P.S. I used the following operator suggested by http://www.quanttec.com/fparsec/users-guide/debugging-a-parser.html to greatly help me in tracing the problem:
let (<!>) (p: Parser<_,_>) label : Parser<_,_> =
fun stream ->
printfn "%A: Entering %s" stream.Position label
let reply = p stream
printfn "%A: Leaving %s (%A)" stream.Position label reply.Status
reply
Usage: turn let parseFoo = ...
into let parseFoo = ... <!> "foo"
. Then you'll get a stream of debugging output in your console that looks something like this:
(Ln: 2, Col: 20): Entering expression
(Ln: 3, Col: 1): Entering call
(Ln: 3, Col: 5): Entering parameters
(Ln: 3, Col: 5): Entering bwParens
(Ln: 3, Col: 5): Leaving bwParens (Error)
(Ln: 3, Col: 5): Entering number
(Ln: 3, Col: 6): Leaving number (Ok)
(Ln: 3, Col: 7): Entering bwParens
(Ln: 3, Col: 7): Leaving bwParens (Error)

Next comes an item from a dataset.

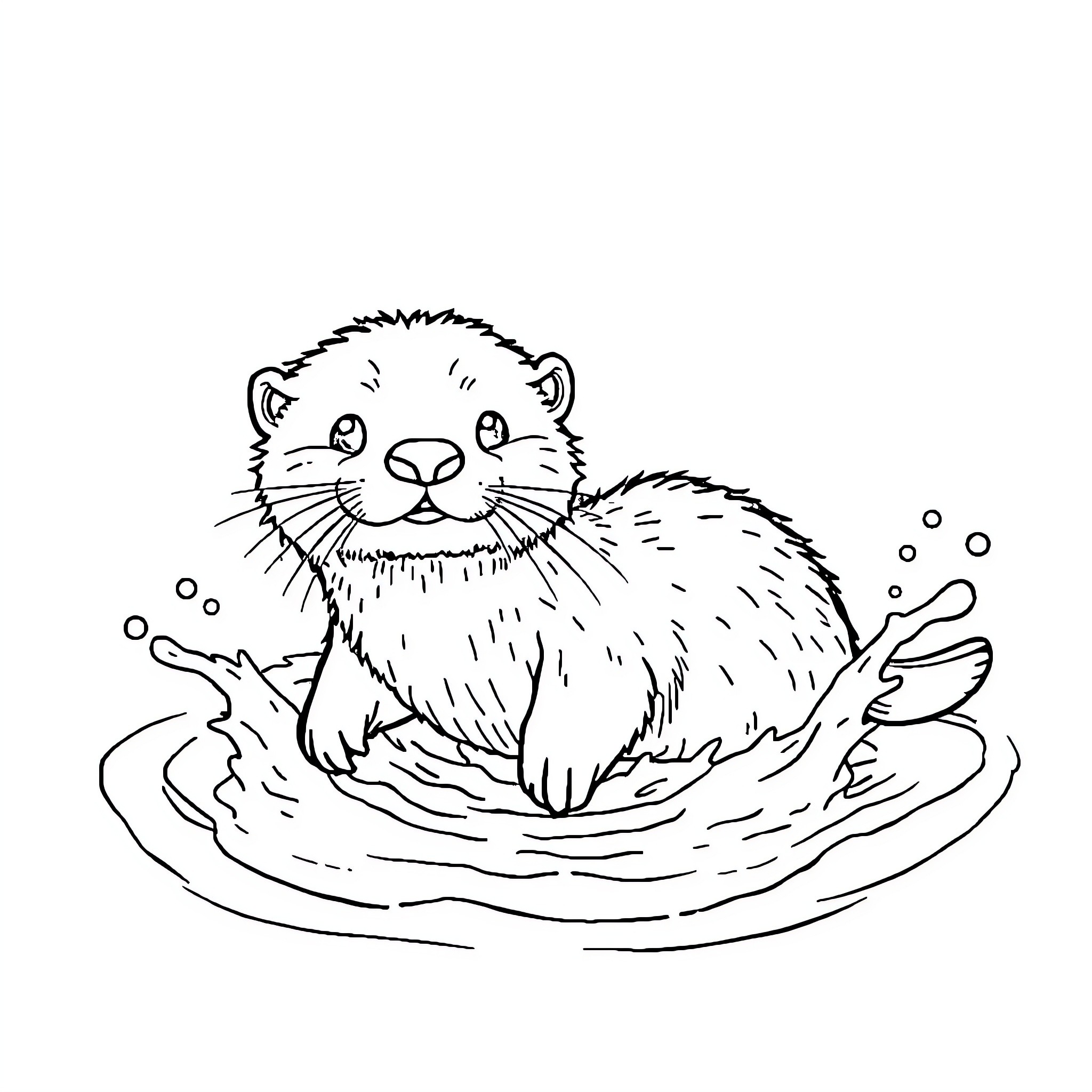 Otter playing happily in the water Coloring Page (free black-and-white line drawing printable PDF for all, from beginners to advanced learners, including children, teens, adults, and seniors)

(Ln: 3, Col: 7): Entering number
(Ln: 3, Col: 8): Leaving number (Ok)
(Ln: 3, Col: 8): Leaving parameters (Ok)
(Ln: 3, Col: 8): Leaving call (Ok)
(Ln: 3, Col: 8): Leaving expression (Ok)
That helps greatly when you're trying to figure out why your parser isn't doing what you expect.